- **Try it**: Repeat exactly the lines of the material below that run from the "Vista 6 de SimpleHouseware" line to the "Cuaderno Dinosaurios Azules" line, including both, and do not carry over any pictures.

- **The data**:

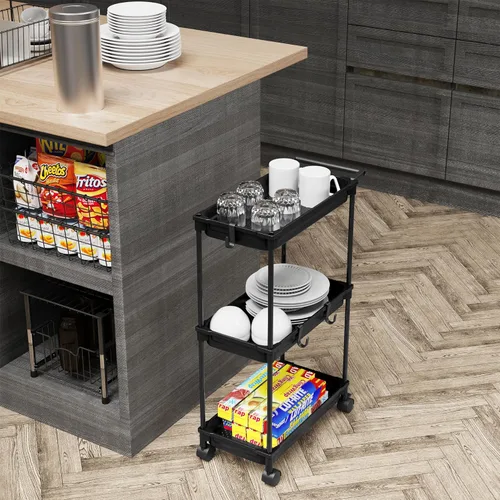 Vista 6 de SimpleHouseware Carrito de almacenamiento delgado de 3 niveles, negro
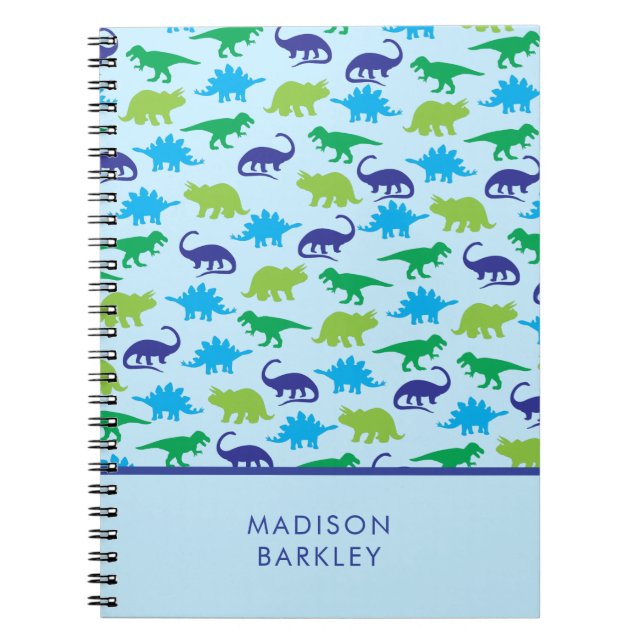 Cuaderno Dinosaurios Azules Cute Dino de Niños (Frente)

--

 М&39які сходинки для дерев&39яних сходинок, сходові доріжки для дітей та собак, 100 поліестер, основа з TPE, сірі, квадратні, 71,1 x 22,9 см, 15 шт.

- **Answer area**:
 Vista 6 de SimpleHouseware Carrito de almacenamiento delgado de 3 niveles, negro
 Cuaderno Dinosaurios Azules Cute Dino de Niños (Frente)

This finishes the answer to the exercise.